** Opening Data provided block **
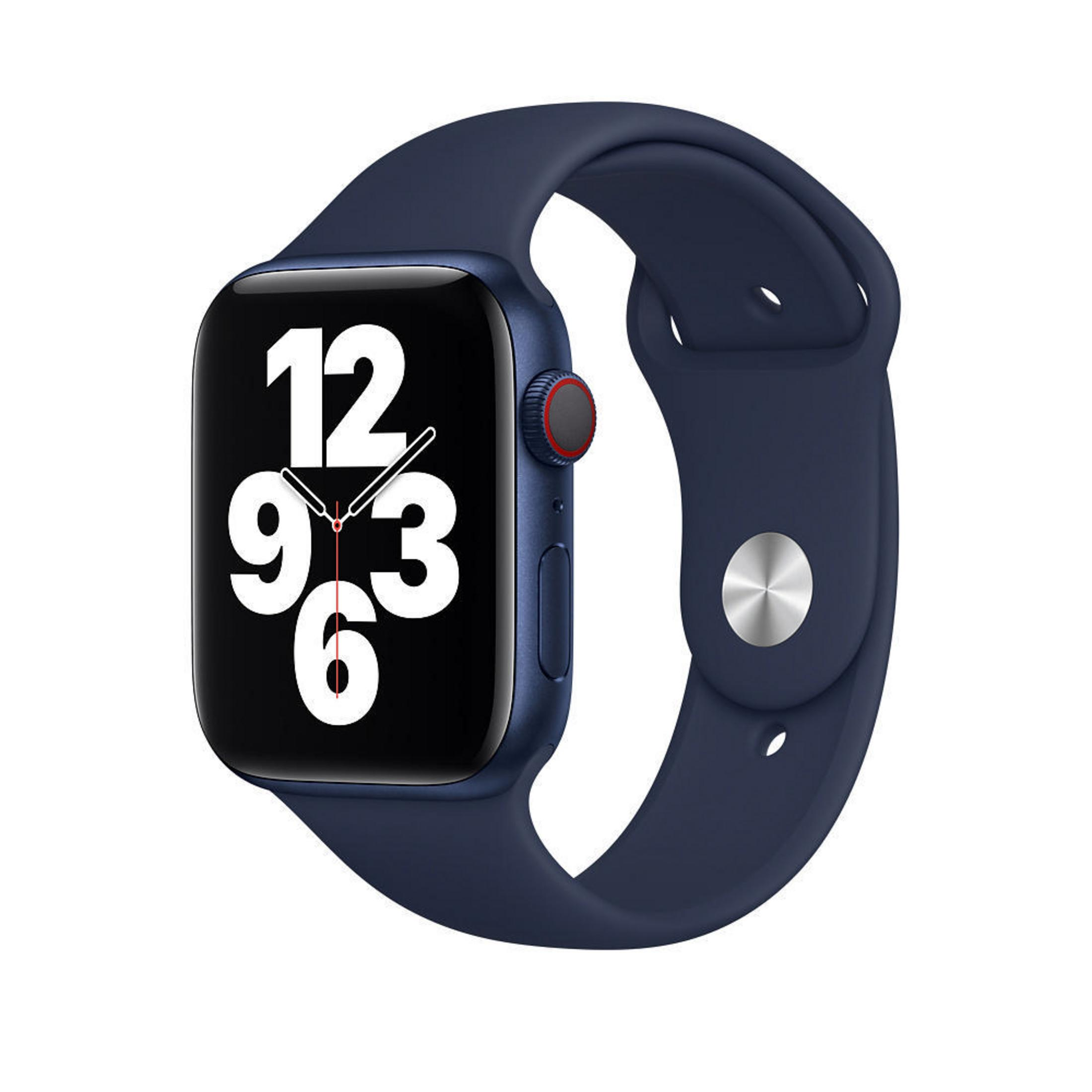 Apple Watch blu con cinturino blu. Visualizzazione dell'ora: 12:00.
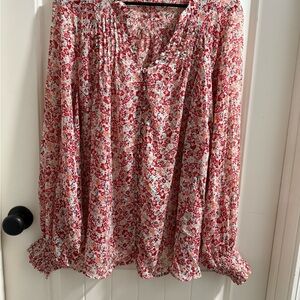 Torrid Red and White Floral Blouse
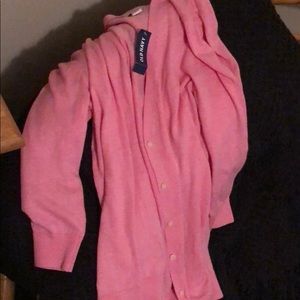 Pink button down mid sleeve length cardigan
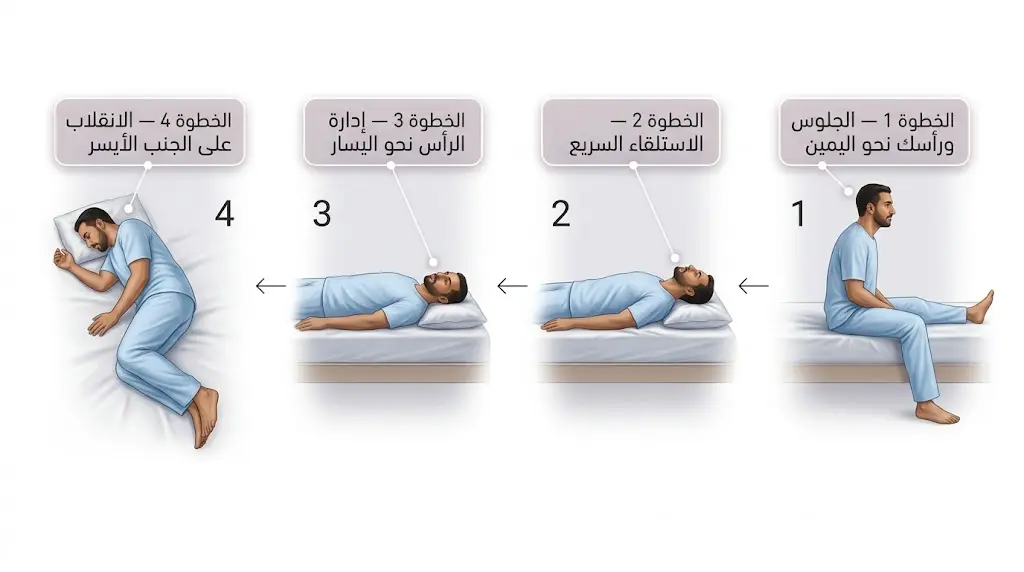 أربع خطوات مصورة لمناورة إيبلي المنزلية لعلاج دوار الوضعية الانتيابي الحميدي في الأذن اليمنى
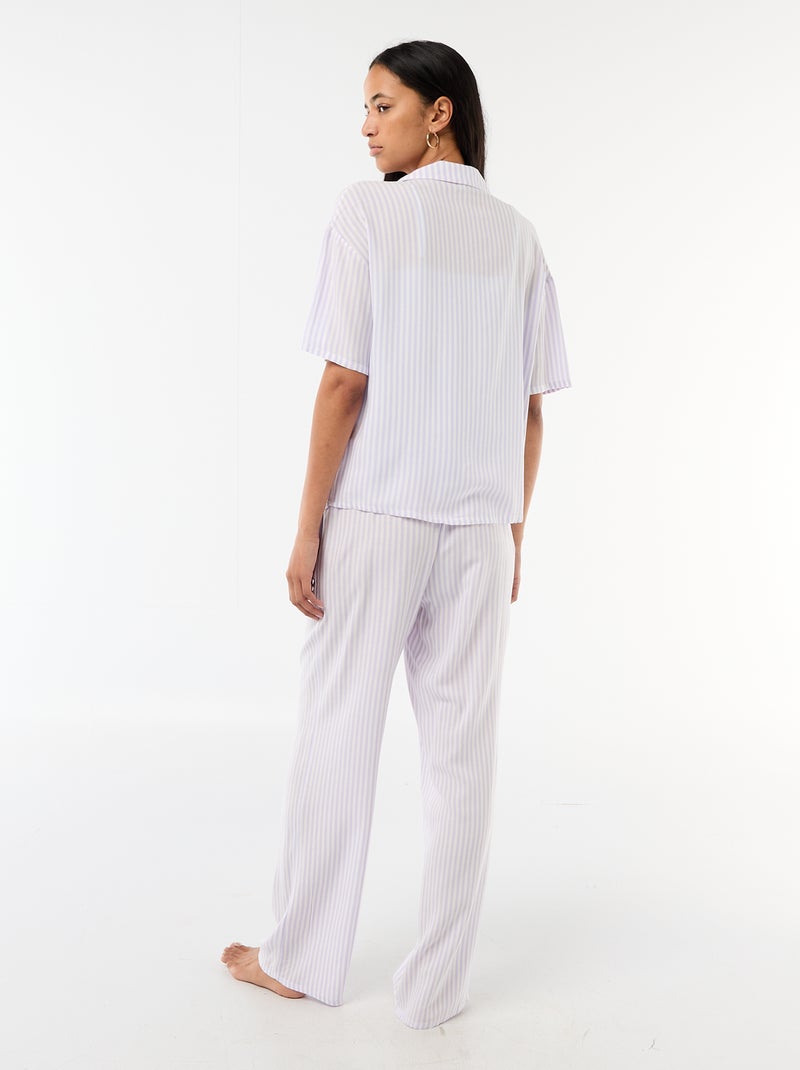 Completo camicia da notte a righe Viola - Kiabi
** Closing Data provided block **
Problem requirements: Down to the last line, print the material exactly, but not its pictures.

Answer:
 Apple Watch blu con cinturino blu. Visualizzazione dell'ora: 12:00.
 Torrid Red and White Floral Blouse
 Pink button down mid sleeve length cardigan
 أربع خطوات مصورة لمناورة إيبلي المنزلية لعلاج دوار الوضعية الانتيابي الحميدي في الأذن اليمنى
 Completo camicia da notte a righe Viola - Kiabi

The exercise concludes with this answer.